All’età di 25 anni, Albert Einstein spedì tre articoli alla rivista Annalen der Physik. “Ciascuno dei tre meritava il Nobel, e più”, scrive Carlo Rovelli in La realtà non è come ci appare (Raffaello Cortina Editore, 2014), volume da cui ricaviamo le nozioni scientifiche contenute in questa edizione di “Accadde oggi”.
Ma veniamo all’anniversario: il 21 novembre 1905, esattamente 114 anni fa, fu pubblicato il più famoso dei tre articoli, quello che introduceva la teoria della relatività ristretta o relatività speciale (da non confondere con la relatività generale, di cui abbiamo già parlato e che vide la luce solo qualche anno più tardi).
La relatività ristretta è uno dei pilastri concettuali su cui si fonda la nostra attuale conoscenza del cosmo, ma purtroppo è anche molto complessa e richiede un paziente apprendistato, per cui lo diciamo chiaramente: non abbiamo la pretesa di fornire spiegazioni esaustive.
Ci limiteremo perciò a parlare in termini generali del concetto di “presente esteso”, introdotto proprio dalla teoria di Einstein. Rovelli lo spiega così: “Fra il passato e il futuro di ciascun evento (…) esiste una zona intermedia, un presente esteso di quell’evento, una zona che non è passata né futura”. La durata del presente esteso dipende dallo spazio: più aumenta la distanza dall’evento, più si allunga la durata del presente esteso.
Se prendiamo come riferimento noi stessi, a un paio di metri di distanza la durata del presente esteso è di pochi nanosecondi, ma sulla Luna arriva a qualche secondo e su Marte a un quarto d’ora. Significa che sul pianeta rosso “ci sono avvenimenti che in questo preciso momento sono già successi – continua Rovelli – avvenimenti che devono ancora succedere, ma anche un quarto d’ora di avvenimenti durante il quale avvengono fatti che per noi non sono né passato né futuro”.
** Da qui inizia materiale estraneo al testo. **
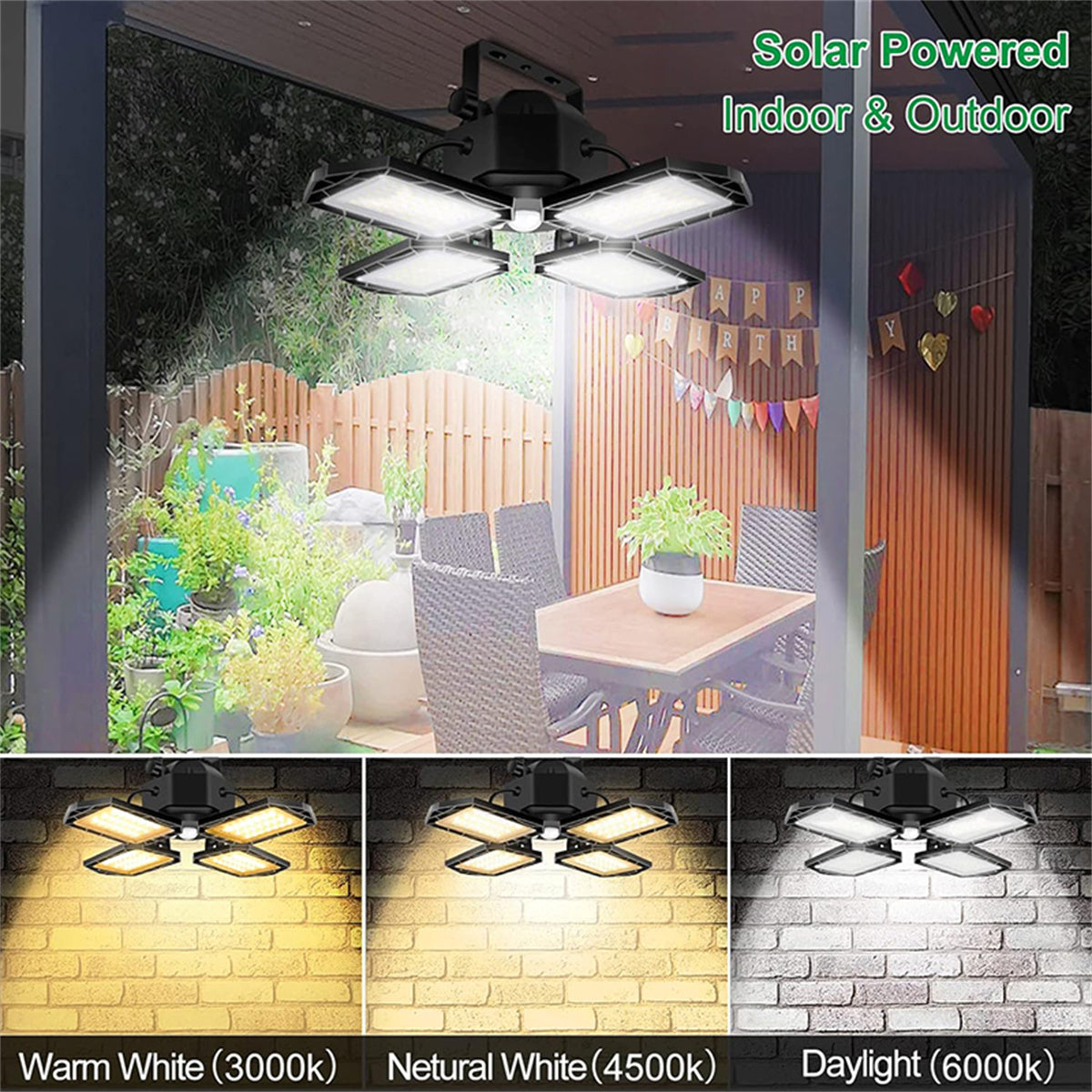 Solar Shed Lights, 168LED 5500LM Solar Pendant Light Indoor Outdoor, Motion Sensor Solar Lights with Remote Control, 4-Leaf Adjustable Lights for Home Yard Garage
Tutto chiaro? Se la risposta è no, c’è poco di cui preoccuparsi: per avere una percezione chiara di cosa sia il presente esteso dovremmo avere la capacità di distinguere intervalli brevissimi di tempo come i nanosecondi (per intenderci: ci sono tanti nanosecondi in un secondo quanti secondi in 30 anni).
Una conclusione però la possiamo trarre: se il tempo varia in funzione dello spazio, vuol dire che non esiste la simultaneità assoluta, cioè non esiste un “adesso” valido nello stesso momento per tutto l’Universo. Il nostro “adesso” vale solo qui. Ed è così che tempo e spazio si fondono per la prima volta in un concetto solo: lo spaziotempo.